かながわ東日本大震災ボランティアステーションが主催したこの交流会は、12月に行われたワークショップ「これからの陸前高田支援を創る」をきっかけとしており、岩手県陸前高田市の支援に興味を持つ人々の交流の場を作ることを目的に開催されました。陸前高田市に対して様々な思いを持った20人以上の参加者が会場を埋め、活動報告や歓談を通してそれぞれの経験や情報を交換し合い、交流を深めました。

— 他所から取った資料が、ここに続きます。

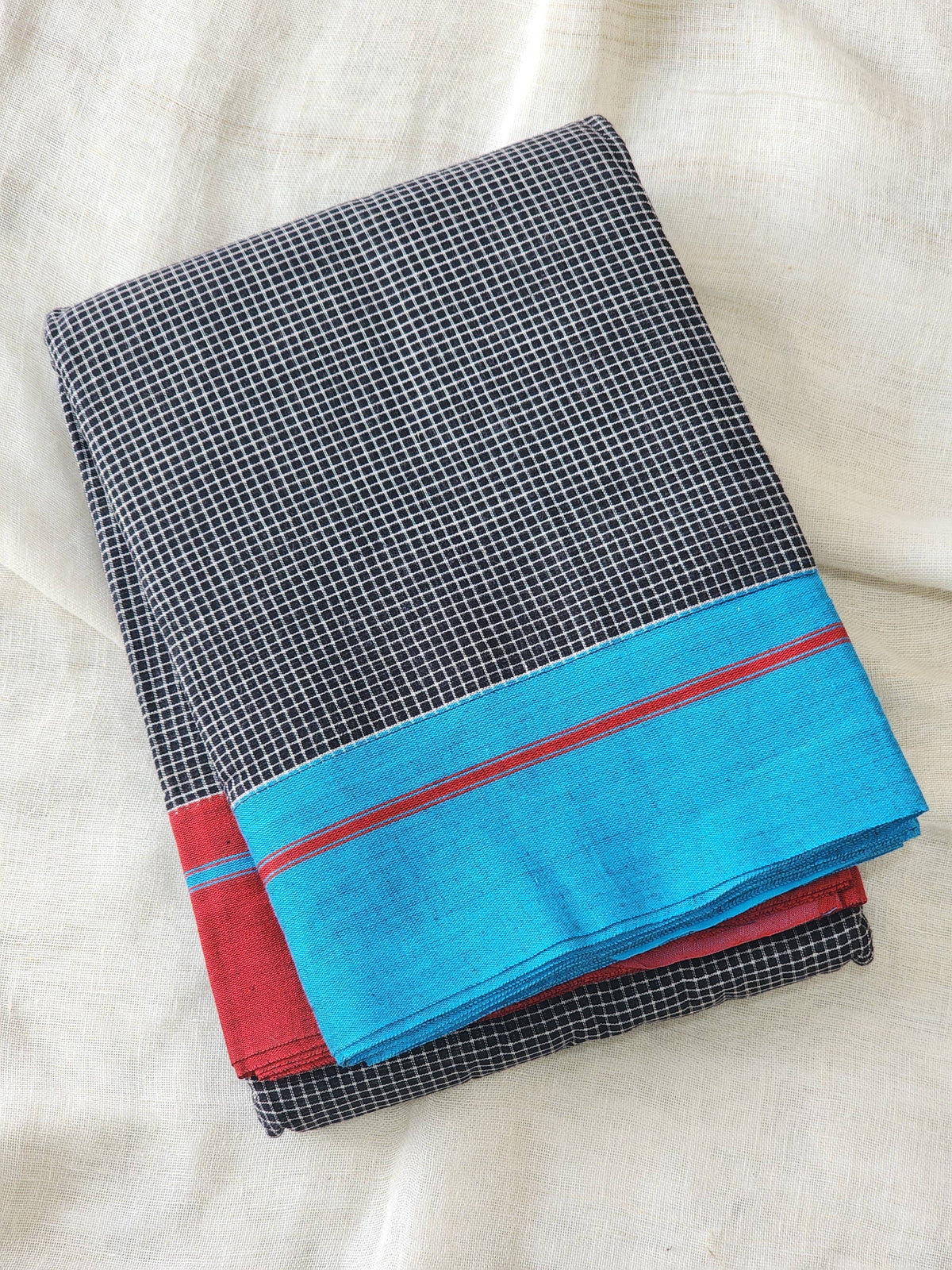 Black patteda anchu cotton saree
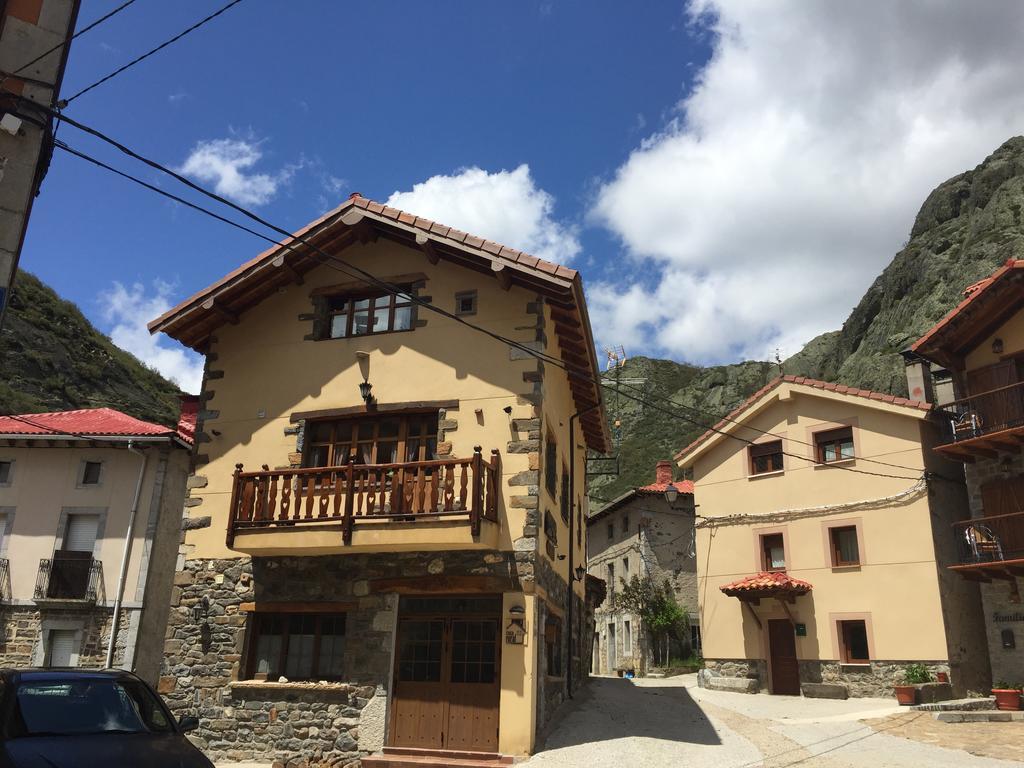 El Invernal De Picos Portilla de la Reina Buitenkant foto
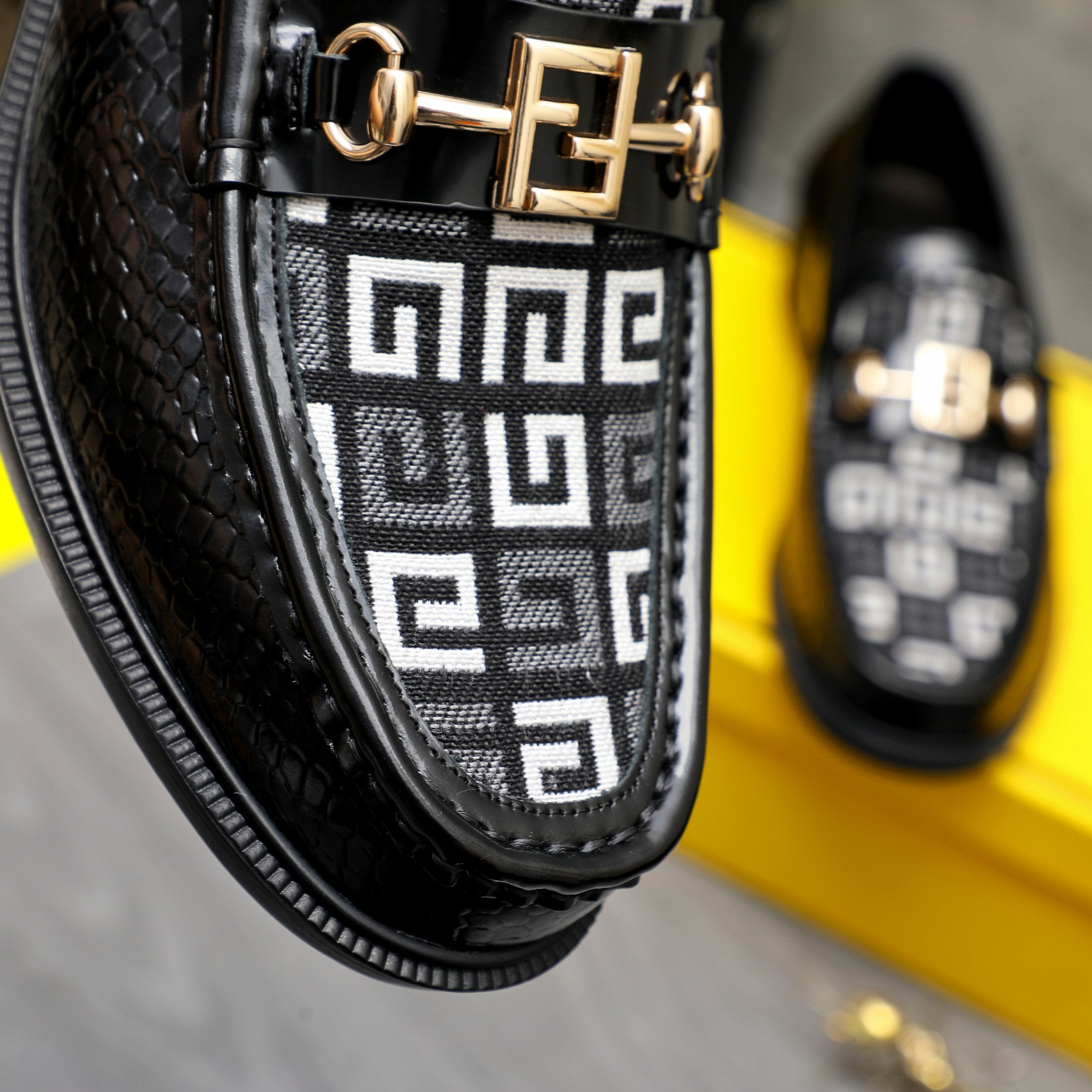 LuxluxHouse Best Quality Shoes Fendi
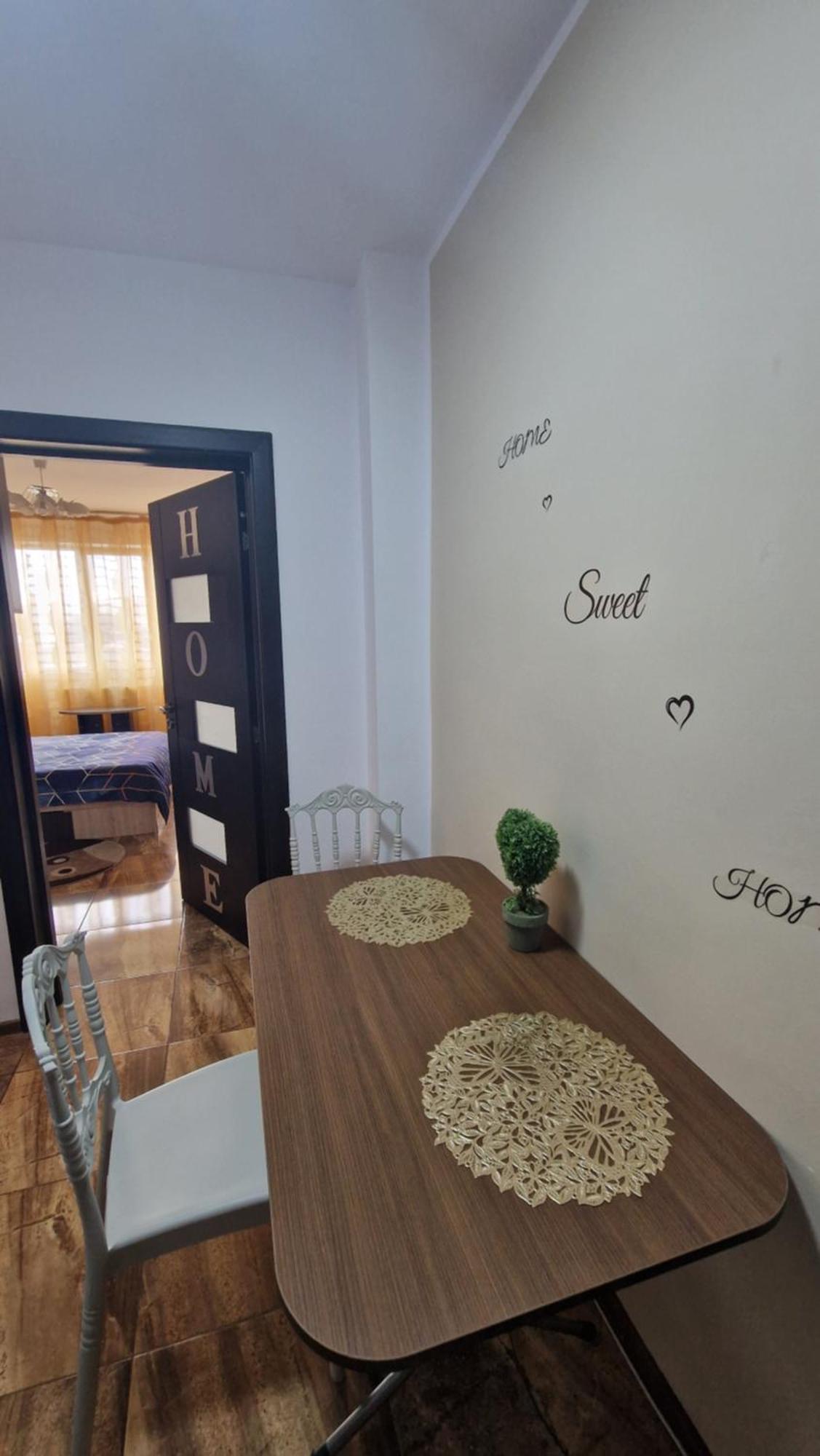 Apartament Back Галац Екстер'єр фото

教育活動支援を行う基金団体「FRIENDSHIP TAKATA」の上部琴音さんと菅野寿也さん(共に陸前高田市出身)は、現地の小中学生が満足に体育や部活動を行えていない現状を報告。現在、陸前高田の小中学校のグラウンドには仮設住宅が建ち並んでいます。農地を借りて仮設のグラウンドを作るなど対策は取られていますが、安全管理や移動時間の面でリスクを抱えた状況が続いているそうです。実際に小中学校に足を運び、現場の声を聞き「例年通りスポーツを楽しめる仮設グラウンドを作りたい」との思いを強くしたと言います。2人の語り口からは、地元出身者だからこそ持ち得るような地元の子供たちへの強い思いが感じられました。
なお、会場で募った「FRIENDSHIP TAKATA」への寄付金は総額27600円に達しました。今までに集まっていたものと合わせて、来月の支援品として陸前高田の子供たちのもとに届けられます。
「まずは、(被災地でなく)自分の近くで震災が起きたらどうなるのか、考えてほしい」。
「復興居酒屋がんばっぺし」代表の鎌田直樹さんは、自らの被災地支援についての思いを語ってくれました。「自分は助かるのか、大切な人を守れるのか。そう考えれば『今生きていることは当たり前じゃない』と気づくはず。そこから初めて『じゃあ(被災地を)助けよう』と考えられるようになる」。
鎌田さんは陸前高田市の隣、岩手県大船渡市育ち。就職のため18歳で単身横浜に移り、14年間暮らしてきました。震災後「横浜からできる支援はないか」と考え、昨年7月、横浜駅西口・岡野町交差点近くに期間限定居酒屋「復興居酒屋がんばっぺし」をオープン。岩手県三陸地方の震災被害者を雇用するとともに、地元の魚介をふんだんに使った料理で三陸の良さをアピールしました。岡野町の店舗は昨年の大晦日までで営業終了となりましたが、2月に大船渡市と神奈川県内に開店するのを皮切りに、三陸地方の良さを前面に出した居酒屋を全国に広げていく考えを持っているのだそうです。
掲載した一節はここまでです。